EXHIBIT 3.3


                            CERTIFICATE OF AMENDMENT
                                       OF
                     RESTATED CERTIFICATE OF INCORPORATION
                                       OF
                               BMC SOFTWARE, INC.


         BMC Software, Inc., a corporation organized and existing under and by
virtue of the General Corporation Law of the State of Delaware, DOES HEREBY
CERTIFY:

         FIRST: That at a meeting of the Board of Directors of BMC Software,
         Inc., resolutions were duly adopted setting forth a proposed amendment
         of the Restated Certificate of Incorporation of said corporation,
         declaring said amendment to be advisable and calling a meeting of the
         stockholders of said corporation for consideration thereof.
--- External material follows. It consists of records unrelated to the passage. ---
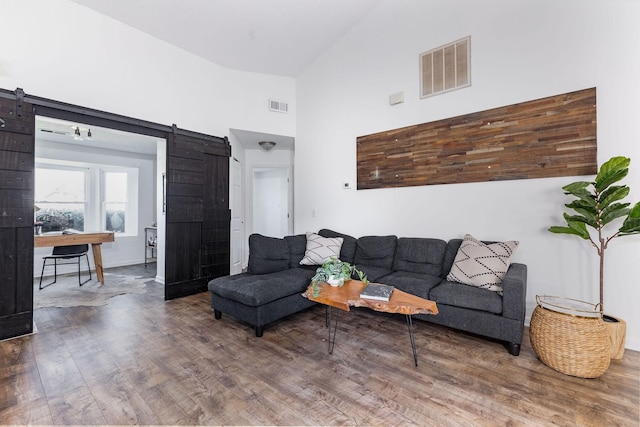 living area featuring high vaulted ceiling, wood finished floors, visible vents, and a barn door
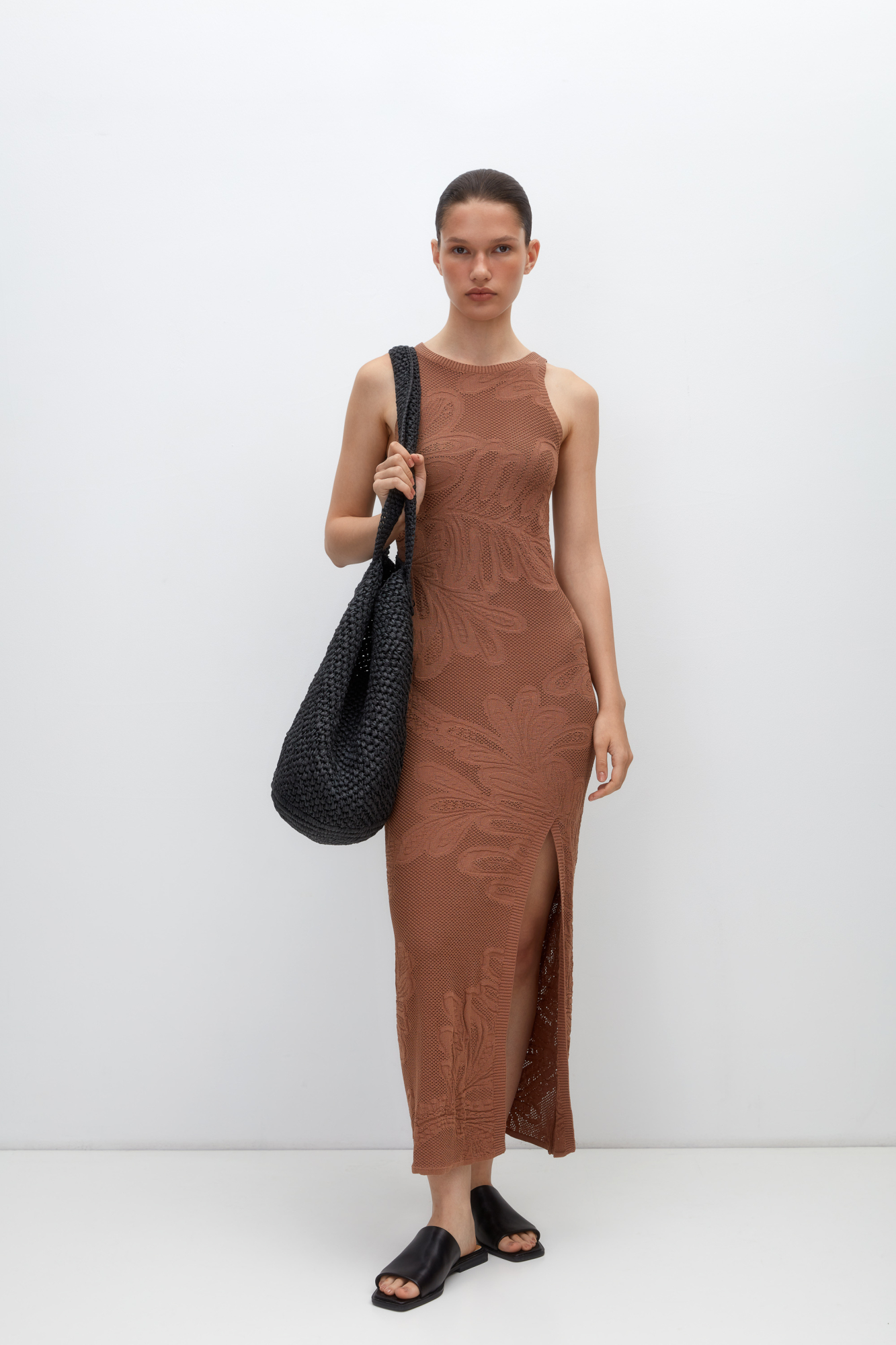 Трикотажное платье длины миди из органического хлопка. Модель приталенного силуэта, без рукавов. круглым вырезом горловины, разрезом спереди и шнуровкой на спине. Изделие декорировано растительным орнаментом. <br />
Органический хлопок - более экологичная и безопасная альтернатива обычному хлопку, выращенная без использования химикатов.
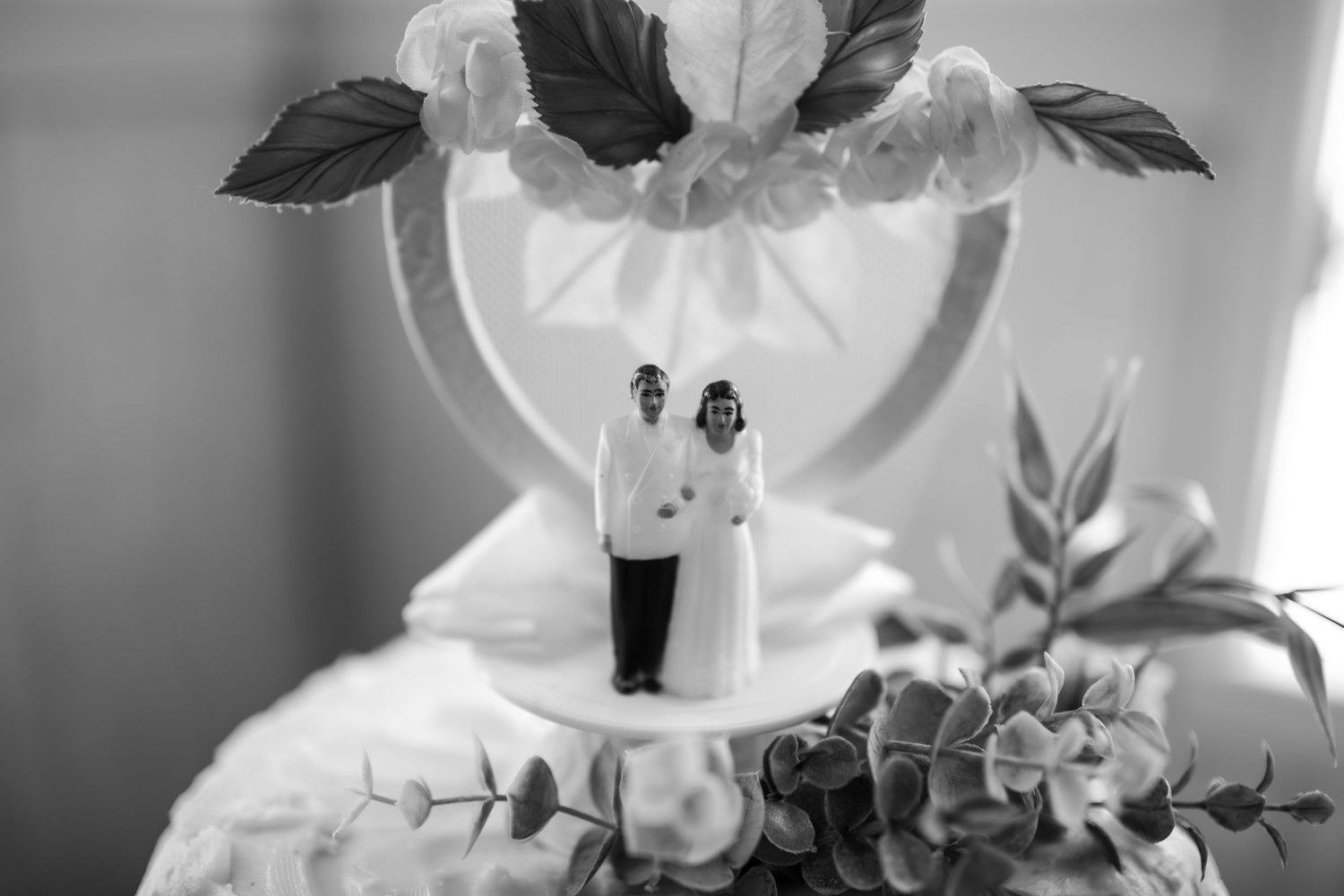 Black and white photo of elegant floral wedding decorations arranged on tables.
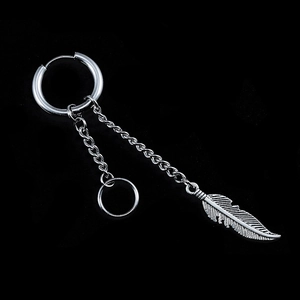 Detail view of silver hoop earring featuring dangling chain and intricate feather pendant
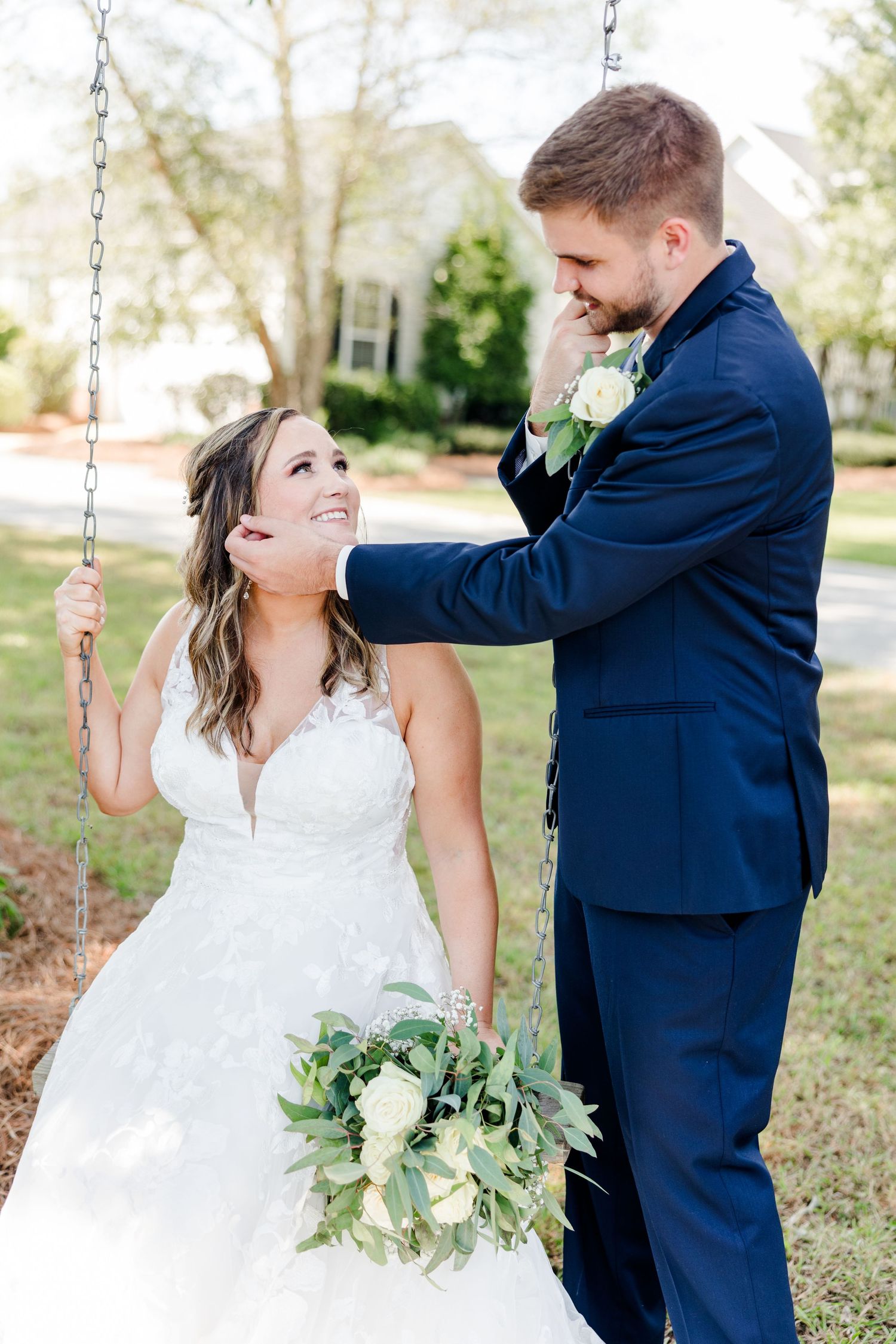 Bride and groom share playful moments on a swing set during their wedding photoshoot.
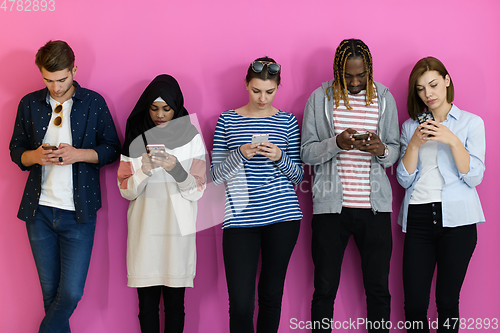 Image of diverse teenagers use mobile devices while posing for a studio photo in front of a pink background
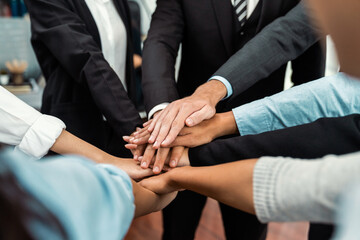 Obraz premium Multiracial business people make synergy hand stack together in meeting room as cooperation or team building for corporate employee in workplace. Meticulous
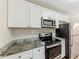 Well-equipped kitchen with stainless steel appliances, granite counters, and sleek cabinetry at 3192 Belfort Se Rd, Atlanta, GA 30354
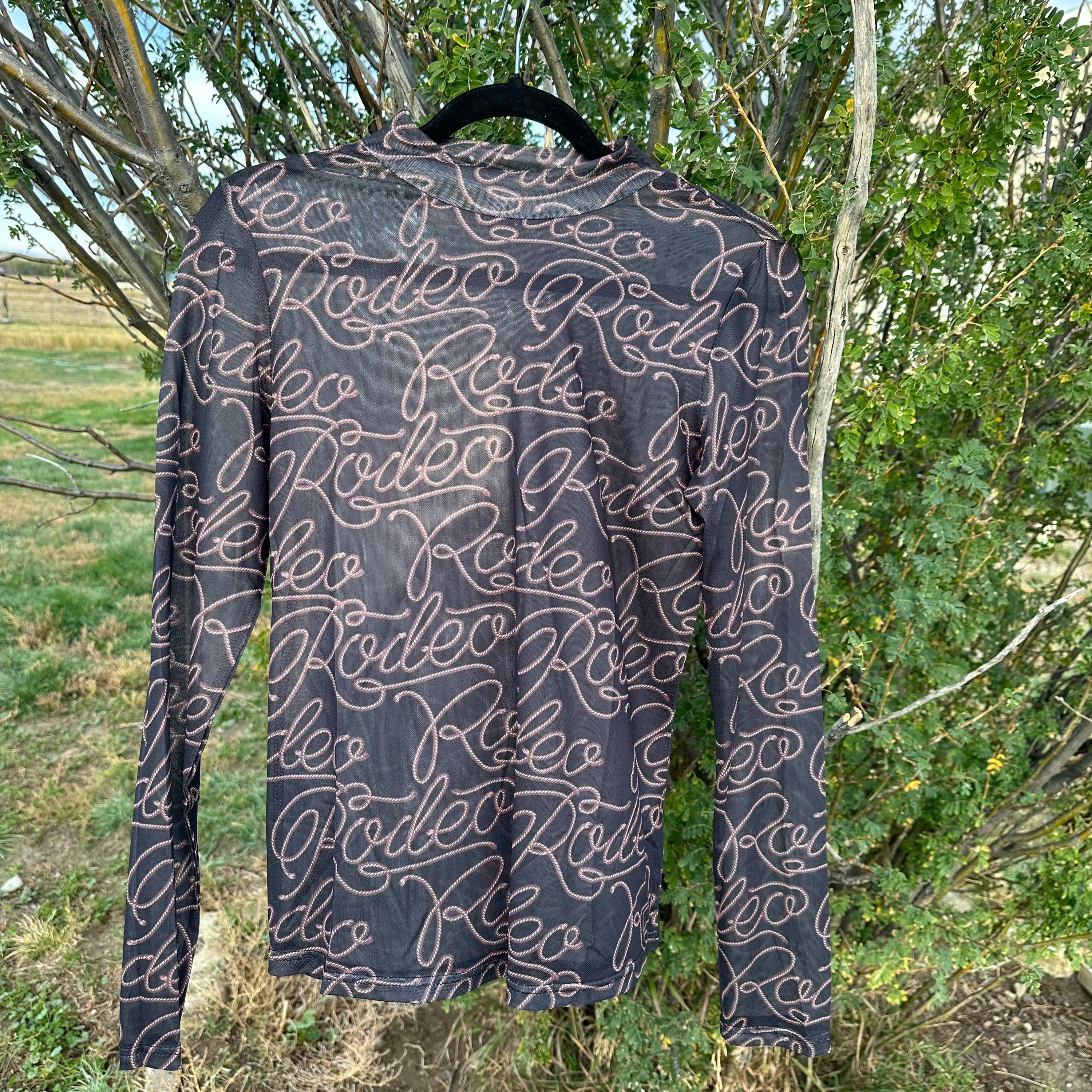 Rodeo Black Mesh Western Shirt for women, featuring breathable mesh fabric and a bold rodeo print. Long sleeves provide sun protection and comfort, making it perfect for layering or wearing alone. Ideal for stylish cowgirls on the go.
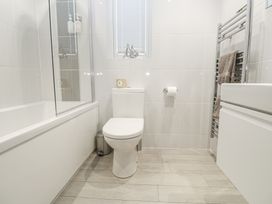 A bathroom with a toilet, bath, and towel rack at The Black Barnacle in Portreath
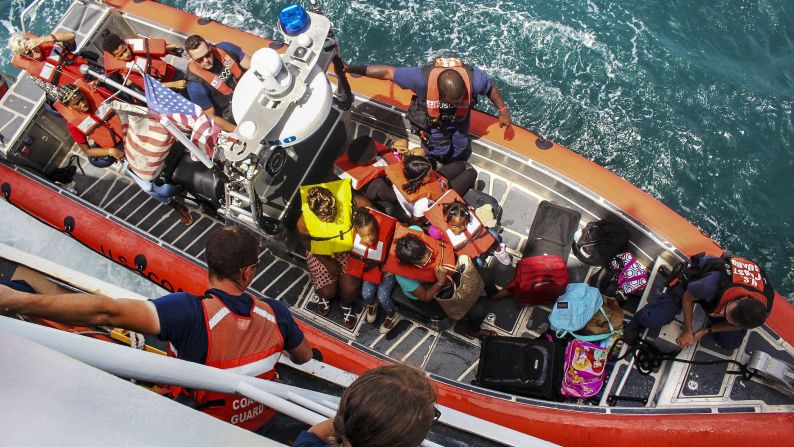 The US Coast Guard transports people off the Caribbean island of St. Thomas during Hurricane Irma relief efforts on Tuesday, September 12.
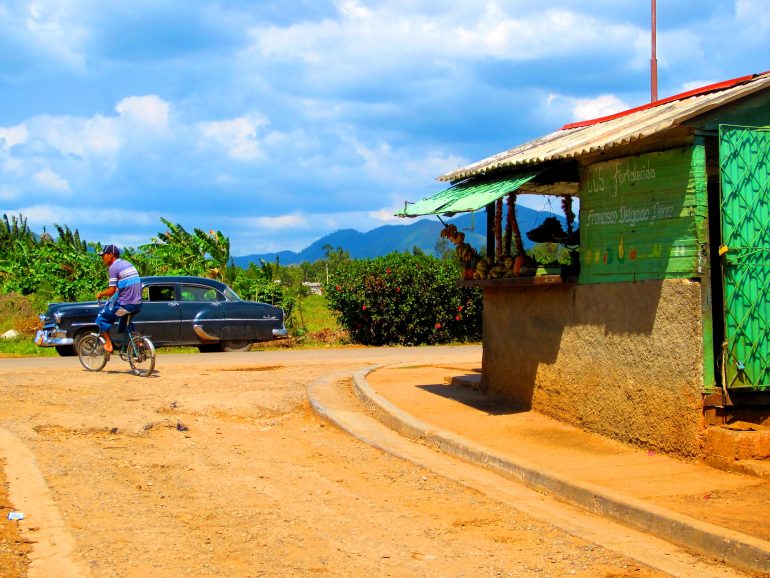 Cycling Cuba: Car, bike and shop along the road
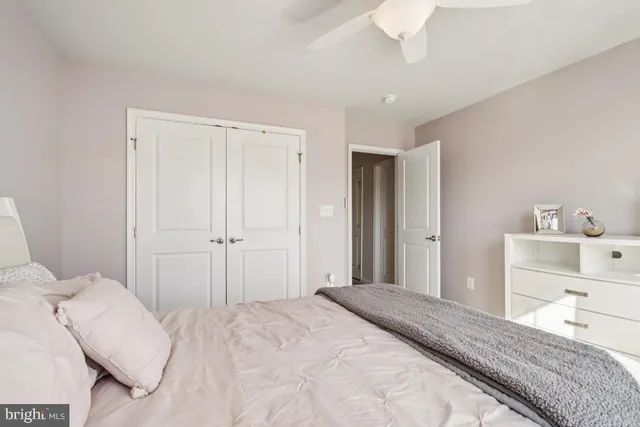 a living room with furniture a piano and a dining table
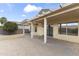 Covered patio area featuring a large brick surface, pergola, and a sliding glass door to the interior at 15822 W Alpine Ridge Dr, Surprise, AZ 85374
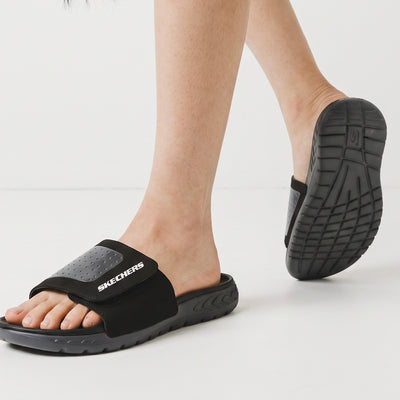 Black Skechers slide sandals with adjustable strap and Skechers logo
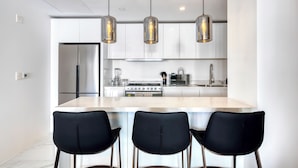 A modern kitchen with a central island, black chairs, stainless steel appliances, and pendant lighting.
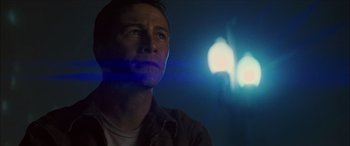 Movie still from “Looper” (2012), directed by Rian Johnson – A person looking up at a light; Close Up shot, Low angle
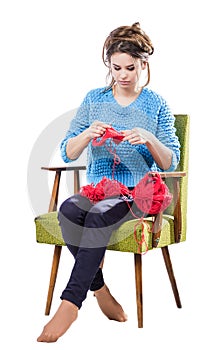 Tortured young girl in a sweater sits on a chair with a red ball of yarn and knitting a scarf and Spitz. Tired. White background. photo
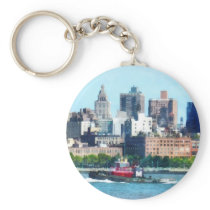Tugboat Against Manhattan Skyline keychains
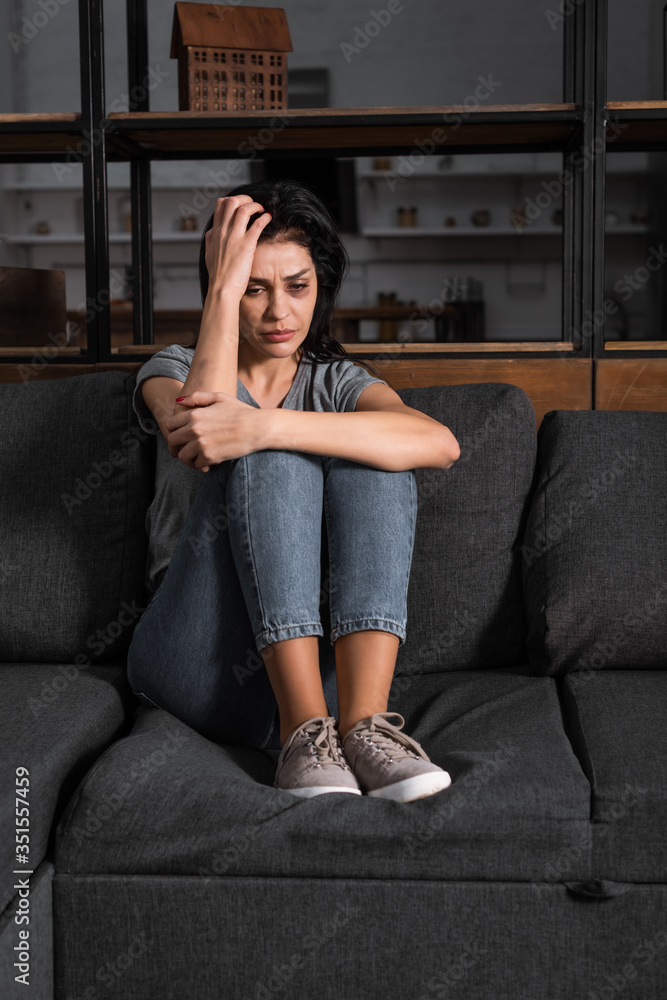 Obraz premium upset woman with bruise on face sitting on sofa, domestic violence concept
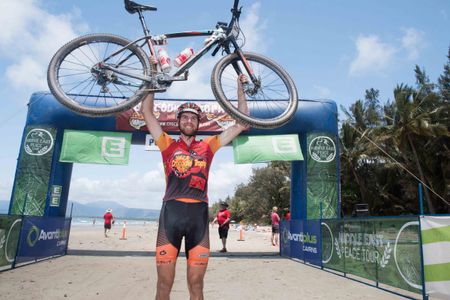 Leandre Bouchard - lifting his bike at the finish line at Port Douglas as the Crocodile Trophy Champion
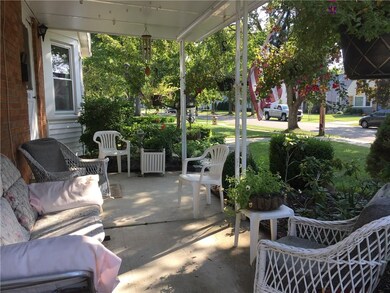 Love the covered front porch and gardens.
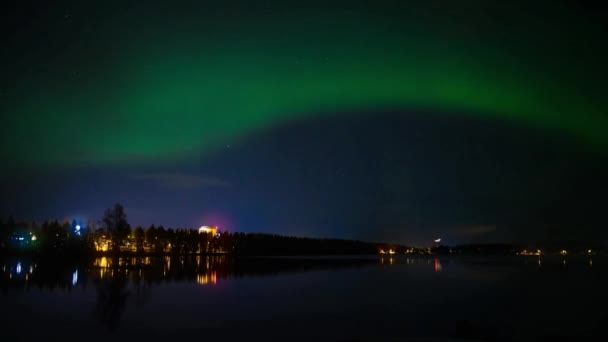 Тайм-ап 4k HD северного света, танцующего над полузамёрзшим озером и городским пейзажем с отражением от воды звезды, полной неба  - Кадры, видео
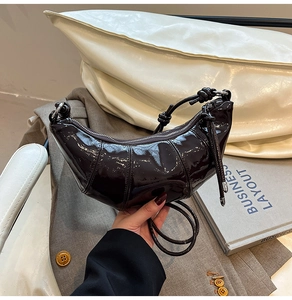 Detailed close-up of dark brown glossy patent leather croissant bag with silver zipper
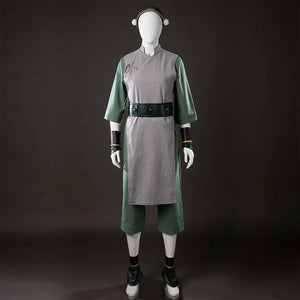 Front view of Toph Beifong cosplay costume from Avatar with gray tunic, green sleeves, belt, headband, and shoe covers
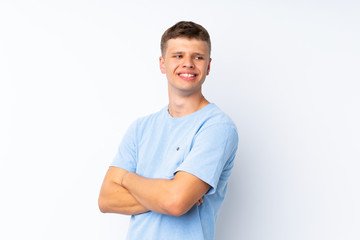 Young handsome man over isolated white background with arms crossed and happy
The
         resolution setting forth the proposed amendment is as follows:

                  RESOLVED, that the Restated Certificate of Incorporation of
                  the Company is hereby amended to delete the first paragraph of
                  Article FOURTH of the Restated Certificate of Incorporation
                  and substitute therefore the following new first paragraph of
                  Article FOURTH:

                           "FOURTH: The aggregate number of shares which the
                           corporation shall have the authority to issue is Six
                           Hundred One Million (601,000,000) shares, of which
                           One Million (1,000,000) shall be shares of Preferred
                           Stock, of the par value of One Cent ($.01) per share
                           (the "Preferred Stock"), and Six Hundred Million
                           (600,000,000) shall be shares of Common Stock, of the
                           par value of One Cent ($.01) per share ("Common
                           Stock")."

         SECOND: That thereafter, pursuant to a resolution of its Board of
         Directors, an annual meeting of the stockholders of said corporation
         was duly called and held, upon notice in accordance with Section 222 of
         the General Corporation Law of the State of Delaware, at which meeting
         the necessary number of shares as required by statute were voted in
         favor of the amendment.

         THIRD: That said amendment was duly adopted in accordance with the
         provisions of Section 242 of the General Corporation Law of the State
         of Delaware.

         IN WITNESS WHEREOF, BMC Software, Inc. has caused this certificate to
be signed by M. Brinkley Morse, its Senior Vice President, this 30th day of
November 1999.

                                       BMC SOFTWARE, INC.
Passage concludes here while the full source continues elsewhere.